Max Weber montrera que les entrepreneurs protestants, pour la plupart « parvenus » de l'artisanat, ont inventé un « capitalisme moderne » et inventif, prenant de vitesse des banquiers plus riches qu'eux, par l'intériorisation des bénéfices, en baissant les prix pour gagner de nouveaux clients, en dépensant pour adapter les produits et en sélectionnant les meilleurs travailleurs, quitte à payer plus cher et sacrifier la rentabilité à court terme. Ce capitalisme de l'ascèse, vise la croissance, au détriment de la rente et des plaisirs matériels. Il dérive du monachisme occidental, qui a pu rentrer dans le monde laïque grâce à la Réforme. Le protestant, ayant conquis le pouvoir politique notamment en Europe du Nord et dans les pays anglo-saxons, réinvestit ou intériorise ses bénéfices, pour donner à son peuple une place dans l'avenir et répondre à l'appel de Dieu à une vie éternelle, en espérant qu'il fait partie des élus secrets.

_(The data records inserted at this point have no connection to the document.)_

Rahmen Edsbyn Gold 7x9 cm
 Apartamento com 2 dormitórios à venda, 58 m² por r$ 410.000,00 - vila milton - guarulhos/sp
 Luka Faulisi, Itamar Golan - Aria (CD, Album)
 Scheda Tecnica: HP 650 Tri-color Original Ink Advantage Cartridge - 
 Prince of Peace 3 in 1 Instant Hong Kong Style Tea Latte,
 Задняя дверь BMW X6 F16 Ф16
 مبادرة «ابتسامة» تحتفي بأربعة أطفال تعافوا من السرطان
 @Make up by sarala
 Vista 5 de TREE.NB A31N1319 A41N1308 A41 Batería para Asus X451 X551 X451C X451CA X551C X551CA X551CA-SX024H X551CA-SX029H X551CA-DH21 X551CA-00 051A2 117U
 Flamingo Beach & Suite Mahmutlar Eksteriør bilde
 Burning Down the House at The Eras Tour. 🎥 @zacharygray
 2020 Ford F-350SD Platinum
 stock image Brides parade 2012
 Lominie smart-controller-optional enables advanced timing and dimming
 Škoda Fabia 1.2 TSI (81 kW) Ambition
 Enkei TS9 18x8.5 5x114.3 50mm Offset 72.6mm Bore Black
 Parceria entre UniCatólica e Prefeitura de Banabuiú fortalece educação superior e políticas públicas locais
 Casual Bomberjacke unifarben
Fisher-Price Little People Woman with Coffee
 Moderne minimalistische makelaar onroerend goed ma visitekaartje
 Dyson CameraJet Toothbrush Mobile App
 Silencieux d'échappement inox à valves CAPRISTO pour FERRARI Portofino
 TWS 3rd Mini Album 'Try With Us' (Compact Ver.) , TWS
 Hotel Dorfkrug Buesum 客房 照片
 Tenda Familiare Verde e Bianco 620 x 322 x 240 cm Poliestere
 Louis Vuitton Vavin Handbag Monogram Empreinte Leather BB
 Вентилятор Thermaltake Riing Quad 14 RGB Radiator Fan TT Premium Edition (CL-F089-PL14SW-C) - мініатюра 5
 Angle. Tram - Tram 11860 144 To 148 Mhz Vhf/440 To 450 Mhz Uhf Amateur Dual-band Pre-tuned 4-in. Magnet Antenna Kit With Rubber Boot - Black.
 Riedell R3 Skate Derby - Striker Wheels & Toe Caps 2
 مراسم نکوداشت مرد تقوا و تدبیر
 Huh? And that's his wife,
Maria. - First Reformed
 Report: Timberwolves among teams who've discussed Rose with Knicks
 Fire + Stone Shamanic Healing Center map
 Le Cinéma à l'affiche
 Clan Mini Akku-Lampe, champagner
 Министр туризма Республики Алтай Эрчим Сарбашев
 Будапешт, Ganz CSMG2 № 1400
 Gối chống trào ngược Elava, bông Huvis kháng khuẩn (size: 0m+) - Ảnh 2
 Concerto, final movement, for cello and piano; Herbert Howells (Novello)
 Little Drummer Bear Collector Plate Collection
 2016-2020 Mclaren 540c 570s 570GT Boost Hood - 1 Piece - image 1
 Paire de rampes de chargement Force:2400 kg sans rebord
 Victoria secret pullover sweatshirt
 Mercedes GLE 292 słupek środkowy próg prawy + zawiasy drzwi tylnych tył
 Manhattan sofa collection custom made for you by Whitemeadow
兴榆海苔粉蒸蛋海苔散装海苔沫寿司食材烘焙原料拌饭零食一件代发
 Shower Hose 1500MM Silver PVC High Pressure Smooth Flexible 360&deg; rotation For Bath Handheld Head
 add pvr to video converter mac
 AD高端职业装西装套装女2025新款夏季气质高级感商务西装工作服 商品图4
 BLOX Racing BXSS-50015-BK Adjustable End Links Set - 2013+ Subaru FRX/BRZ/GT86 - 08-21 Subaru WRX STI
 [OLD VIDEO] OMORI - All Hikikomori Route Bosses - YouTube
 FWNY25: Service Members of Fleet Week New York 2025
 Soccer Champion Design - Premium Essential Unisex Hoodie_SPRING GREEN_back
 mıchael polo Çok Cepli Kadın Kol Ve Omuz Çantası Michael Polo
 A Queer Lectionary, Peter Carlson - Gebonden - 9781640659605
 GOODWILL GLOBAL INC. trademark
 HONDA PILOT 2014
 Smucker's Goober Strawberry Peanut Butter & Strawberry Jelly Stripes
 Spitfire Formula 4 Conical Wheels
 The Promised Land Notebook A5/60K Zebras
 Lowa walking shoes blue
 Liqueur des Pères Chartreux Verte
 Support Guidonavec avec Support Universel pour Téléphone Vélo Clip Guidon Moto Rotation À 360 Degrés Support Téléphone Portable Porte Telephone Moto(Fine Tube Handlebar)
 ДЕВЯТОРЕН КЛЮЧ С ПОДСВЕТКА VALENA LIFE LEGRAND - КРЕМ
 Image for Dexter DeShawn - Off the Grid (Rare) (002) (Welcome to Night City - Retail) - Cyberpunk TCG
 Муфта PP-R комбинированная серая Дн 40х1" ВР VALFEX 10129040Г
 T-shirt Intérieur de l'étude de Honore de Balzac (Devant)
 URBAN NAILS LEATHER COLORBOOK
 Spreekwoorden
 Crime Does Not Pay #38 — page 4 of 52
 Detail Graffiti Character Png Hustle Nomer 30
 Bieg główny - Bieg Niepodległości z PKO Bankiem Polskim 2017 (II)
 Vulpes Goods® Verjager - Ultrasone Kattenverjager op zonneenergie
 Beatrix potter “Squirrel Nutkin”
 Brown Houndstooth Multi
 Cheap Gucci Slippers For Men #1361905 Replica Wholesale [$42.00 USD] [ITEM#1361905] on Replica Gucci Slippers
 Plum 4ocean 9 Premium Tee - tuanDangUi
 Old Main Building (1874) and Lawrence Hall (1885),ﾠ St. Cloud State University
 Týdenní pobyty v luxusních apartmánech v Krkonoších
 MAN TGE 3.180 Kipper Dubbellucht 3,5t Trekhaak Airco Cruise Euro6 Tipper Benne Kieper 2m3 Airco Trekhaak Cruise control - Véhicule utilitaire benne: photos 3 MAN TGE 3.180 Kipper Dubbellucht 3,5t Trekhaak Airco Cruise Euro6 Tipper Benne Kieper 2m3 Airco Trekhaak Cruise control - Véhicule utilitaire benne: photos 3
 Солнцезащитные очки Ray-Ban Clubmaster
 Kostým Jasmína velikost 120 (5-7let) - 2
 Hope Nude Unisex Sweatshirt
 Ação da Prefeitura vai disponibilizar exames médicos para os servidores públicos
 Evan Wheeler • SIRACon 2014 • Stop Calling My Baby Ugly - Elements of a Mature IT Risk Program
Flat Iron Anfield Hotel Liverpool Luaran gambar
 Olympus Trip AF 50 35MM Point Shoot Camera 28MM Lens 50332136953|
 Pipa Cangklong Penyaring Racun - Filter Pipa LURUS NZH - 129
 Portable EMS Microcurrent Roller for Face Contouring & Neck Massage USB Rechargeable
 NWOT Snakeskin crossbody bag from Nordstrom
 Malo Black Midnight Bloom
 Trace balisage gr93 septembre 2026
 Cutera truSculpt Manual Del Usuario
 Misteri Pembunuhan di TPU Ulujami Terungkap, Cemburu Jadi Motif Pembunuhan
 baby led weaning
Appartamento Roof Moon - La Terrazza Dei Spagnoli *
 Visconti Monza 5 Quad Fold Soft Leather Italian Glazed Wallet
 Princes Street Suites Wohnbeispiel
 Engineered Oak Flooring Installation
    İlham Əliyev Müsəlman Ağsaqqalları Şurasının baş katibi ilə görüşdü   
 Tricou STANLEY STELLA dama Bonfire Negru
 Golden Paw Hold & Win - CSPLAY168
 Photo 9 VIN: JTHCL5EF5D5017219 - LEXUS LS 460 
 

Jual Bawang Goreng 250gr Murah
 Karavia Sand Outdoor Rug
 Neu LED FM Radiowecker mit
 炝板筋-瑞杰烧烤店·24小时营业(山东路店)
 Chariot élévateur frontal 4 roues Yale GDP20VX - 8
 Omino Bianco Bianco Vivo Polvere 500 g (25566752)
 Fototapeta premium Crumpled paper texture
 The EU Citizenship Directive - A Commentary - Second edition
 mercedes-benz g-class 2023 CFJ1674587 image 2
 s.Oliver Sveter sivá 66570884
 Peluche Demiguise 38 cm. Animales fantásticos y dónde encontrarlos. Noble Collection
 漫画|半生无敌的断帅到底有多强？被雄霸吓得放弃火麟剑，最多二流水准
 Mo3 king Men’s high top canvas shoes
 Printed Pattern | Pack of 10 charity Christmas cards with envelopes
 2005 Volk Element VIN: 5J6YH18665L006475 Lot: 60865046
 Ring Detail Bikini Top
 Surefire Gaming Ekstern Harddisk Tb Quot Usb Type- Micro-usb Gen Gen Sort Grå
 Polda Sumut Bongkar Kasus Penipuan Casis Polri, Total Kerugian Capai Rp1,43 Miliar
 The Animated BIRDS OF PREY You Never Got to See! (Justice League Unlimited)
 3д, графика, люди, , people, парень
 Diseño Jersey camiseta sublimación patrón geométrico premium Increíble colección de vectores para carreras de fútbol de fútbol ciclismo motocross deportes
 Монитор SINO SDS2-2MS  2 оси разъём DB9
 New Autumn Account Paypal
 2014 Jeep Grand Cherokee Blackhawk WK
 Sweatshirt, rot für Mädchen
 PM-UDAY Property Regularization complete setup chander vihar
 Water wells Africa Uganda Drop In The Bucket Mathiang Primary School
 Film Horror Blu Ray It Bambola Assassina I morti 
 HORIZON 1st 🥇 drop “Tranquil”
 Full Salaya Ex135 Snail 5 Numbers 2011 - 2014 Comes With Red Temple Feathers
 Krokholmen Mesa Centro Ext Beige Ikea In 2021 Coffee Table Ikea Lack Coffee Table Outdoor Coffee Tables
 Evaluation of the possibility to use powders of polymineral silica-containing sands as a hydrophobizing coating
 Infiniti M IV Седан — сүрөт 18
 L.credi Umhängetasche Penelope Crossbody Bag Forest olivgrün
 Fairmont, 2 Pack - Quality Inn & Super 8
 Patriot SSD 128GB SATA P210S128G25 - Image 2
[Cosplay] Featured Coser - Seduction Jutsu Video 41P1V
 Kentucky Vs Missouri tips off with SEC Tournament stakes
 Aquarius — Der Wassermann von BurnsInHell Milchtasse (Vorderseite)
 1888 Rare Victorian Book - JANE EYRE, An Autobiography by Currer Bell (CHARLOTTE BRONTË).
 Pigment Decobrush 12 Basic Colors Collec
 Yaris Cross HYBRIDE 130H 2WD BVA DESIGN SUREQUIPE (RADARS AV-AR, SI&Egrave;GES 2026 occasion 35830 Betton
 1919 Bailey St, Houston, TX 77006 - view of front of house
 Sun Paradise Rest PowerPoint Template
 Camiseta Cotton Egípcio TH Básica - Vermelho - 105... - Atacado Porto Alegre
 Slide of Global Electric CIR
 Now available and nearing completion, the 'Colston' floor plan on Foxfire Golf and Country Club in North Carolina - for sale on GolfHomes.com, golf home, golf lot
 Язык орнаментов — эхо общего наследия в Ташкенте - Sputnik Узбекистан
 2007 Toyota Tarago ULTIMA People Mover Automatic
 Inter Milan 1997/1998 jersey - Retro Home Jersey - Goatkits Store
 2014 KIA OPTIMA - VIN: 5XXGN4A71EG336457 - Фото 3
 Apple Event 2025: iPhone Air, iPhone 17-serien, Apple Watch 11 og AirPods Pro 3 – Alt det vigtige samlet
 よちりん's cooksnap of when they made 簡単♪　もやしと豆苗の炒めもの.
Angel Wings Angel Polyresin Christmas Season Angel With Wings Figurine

Max Weber cherchera dans la doctrine de la prédestination une des causes du dynamisme économique des États protestants et de la naissance du système capitaliste. En effet, cette doctrine pousse selon lui le croyant à tenter de deviner s'il est un élu. Le succès dans les affaires peuvent être considérés comme un signe de cette grâce, le croyant exprimant ainsi une vocation utile à sa communauté, le fruit du capital devant être réinvesti (du mot allemand de beruf, qui veut dire « vocation » plus que « prédestination »).
Weber remarque aussi que le protestantisme, celui de Luther, Calvin et des autres fondateurs de la Réforme est austère et s'oppose à toute recherche pour elles-mêmes des richesses, qui doivent être réinvesties, afin que l'argent circule et fructifie. Pour Weber, c'est dans cet esprit austère, ascétique qu'il faut chercher la source du capitalisme.
Emmanuel Todd, quant à lui, renverse la perspective wébérienne. Selon lui, certaines régions d'Europe ont été tentées par la doctrine de la prédestination parce que les structures familiales y valorisaient la valeur d'inégalité entre frères (dans sa typologie, il s'agit des familles nucléaire absolue et souche). Ces structures familiales ont ensuite influé sur le développement de ces régions (la famille nucléaire absolue est un terrain favorable à des innovations économiques réclamant le déplacement de nombreuses personnes des campagnes vers les villes, d'où l'industrialisation précoce des régions où cette famille est présente ; la famille souche possède le plus grand potentiel de développement culturel, d'où un succès économique à long terme grâce à une main-d'œuvre plus qualifiée).